In their description they say that they take 12 counts per revolution of the motor shaft. Like you said, at 120:1 gear ratio, this is 1440 counts per wheel revolution. Or, 220/1440 = .152. (approx)

The thing is, my calibration numbers were WAY OFF this number. I’m getting closer to 3 mm per click (which is what they talk about here but I think tha’ts just a coincidence).

I’m not asking for advice about this (yet). I’m going to try to figure it all out this weekend. My code could be wrong. My encoders could be reading incorrectly. It could be anything at this point.

(also, DrGFreeman. . .that was me that asked you on youTube about the Romi chassis a few weeks back. Thanks for the answer. I’m already trying to pay-it-forward with another guy.)

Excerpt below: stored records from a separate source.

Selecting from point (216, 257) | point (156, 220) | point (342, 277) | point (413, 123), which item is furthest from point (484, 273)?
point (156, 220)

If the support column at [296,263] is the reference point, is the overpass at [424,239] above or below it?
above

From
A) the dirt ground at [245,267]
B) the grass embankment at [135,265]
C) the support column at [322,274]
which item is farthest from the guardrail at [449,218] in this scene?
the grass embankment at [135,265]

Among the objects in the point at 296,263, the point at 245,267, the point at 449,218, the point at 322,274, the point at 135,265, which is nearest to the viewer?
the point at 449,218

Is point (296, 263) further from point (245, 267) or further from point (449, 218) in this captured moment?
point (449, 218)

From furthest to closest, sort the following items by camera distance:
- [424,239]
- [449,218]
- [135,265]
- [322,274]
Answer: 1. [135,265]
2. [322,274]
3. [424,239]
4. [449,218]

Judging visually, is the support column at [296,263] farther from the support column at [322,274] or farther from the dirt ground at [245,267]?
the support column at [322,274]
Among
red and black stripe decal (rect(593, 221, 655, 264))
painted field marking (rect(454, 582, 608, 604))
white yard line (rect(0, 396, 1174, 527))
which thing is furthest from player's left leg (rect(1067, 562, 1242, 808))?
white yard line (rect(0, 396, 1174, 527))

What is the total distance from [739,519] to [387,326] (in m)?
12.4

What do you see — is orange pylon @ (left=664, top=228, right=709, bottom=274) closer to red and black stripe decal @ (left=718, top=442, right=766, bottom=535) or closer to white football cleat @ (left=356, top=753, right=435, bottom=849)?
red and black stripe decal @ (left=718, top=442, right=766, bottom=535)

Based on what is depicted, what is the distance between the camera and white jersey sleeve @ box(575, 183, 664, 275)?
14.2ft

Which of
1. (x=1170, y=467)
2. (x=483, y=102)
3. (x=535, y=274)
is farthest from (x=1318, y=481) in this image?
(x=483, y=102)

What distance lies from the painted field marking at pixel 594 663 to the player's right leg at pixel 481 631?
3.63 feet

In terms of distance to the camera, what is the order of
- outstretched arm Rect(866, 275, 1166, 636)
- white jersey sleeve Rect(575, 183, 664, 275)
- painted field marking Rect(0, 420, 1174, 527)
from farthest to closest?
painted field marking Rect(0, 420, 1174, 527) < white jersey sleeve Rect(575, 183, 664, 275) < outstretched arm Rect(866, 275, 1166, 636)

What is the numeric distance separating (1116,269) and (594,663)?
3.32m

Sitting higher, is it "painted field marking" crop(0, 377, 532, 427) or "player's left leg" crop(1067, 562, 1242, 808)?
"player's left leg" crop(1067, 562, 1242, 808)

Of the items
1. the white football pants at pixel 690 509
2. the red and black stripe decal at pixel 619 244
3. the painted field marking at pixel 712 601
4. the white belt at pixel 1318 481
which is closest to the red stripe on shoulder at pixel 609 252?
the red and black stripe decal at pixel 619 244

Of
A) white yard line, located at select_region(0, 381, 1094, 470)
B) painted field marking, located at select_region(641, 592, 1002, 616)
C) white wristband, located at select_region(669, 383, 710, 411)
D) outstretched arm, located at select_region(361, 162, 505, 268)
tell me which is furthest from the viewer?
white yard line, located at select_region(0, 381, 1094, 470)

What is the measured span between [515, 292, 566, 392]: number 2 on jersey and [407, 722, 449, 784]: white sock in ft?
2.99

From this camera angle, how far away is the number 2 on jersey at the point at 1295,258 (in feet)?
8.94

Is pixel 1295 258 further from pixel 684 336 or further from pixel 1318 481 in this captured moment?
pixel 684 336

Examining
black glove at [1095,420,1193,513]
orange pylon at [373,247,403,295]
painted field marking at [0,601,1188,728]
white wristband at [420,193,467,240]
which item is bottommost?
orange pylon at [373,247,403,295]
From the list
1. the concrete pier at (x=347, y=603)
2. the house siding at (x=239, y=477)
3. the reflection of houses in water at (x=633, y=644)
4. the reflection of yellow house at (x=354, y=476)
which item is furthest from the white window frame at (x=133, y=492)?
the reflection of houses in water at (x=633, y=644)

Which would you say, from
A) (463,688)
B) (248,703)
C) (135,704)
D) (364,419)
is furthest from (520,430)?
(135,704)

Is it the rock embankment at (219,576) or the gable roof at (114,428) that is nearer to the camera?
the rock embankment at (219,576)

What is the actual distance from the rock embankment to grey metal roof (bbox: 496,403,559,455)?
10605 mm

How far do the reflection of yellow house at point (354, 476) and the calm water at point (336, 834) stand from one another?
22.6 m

Are you powering your motors from the battery voltage? If so, note that the motor’s speed is proportional to operating voltage. As DrGFreeman mentioned, if you are running your motors directly from the battery voltage, the speed will vary based on the charge of your battery. Also, the 120:1 Mini Plastic Gearmotor HP used with the Romi chassis has a rated free-run speed of 150RPM at 4.5V; however, the Romi uses up to 6 AA batteries, which can result in an operating voltage range of around 7.2V to 9V (depending on battery charge and chemistry). At those voltages, the free-run speed should be between 240 RPM and 300 RPM.

It sounds like you want to look into your encoder problem some more yourself before troubleshooting more here, but you check that you are counting both rising and falling edges on each encoder signal, as well as using interrupts to make sure you aren’t missing transitions.


Yes, running off battery, so I suspect giving it more than 4.5v is the issue. I thought that might be it, but I didn’t have a good test for that.

As far as the encoders go…yes, I certainly have a lot more playing to do.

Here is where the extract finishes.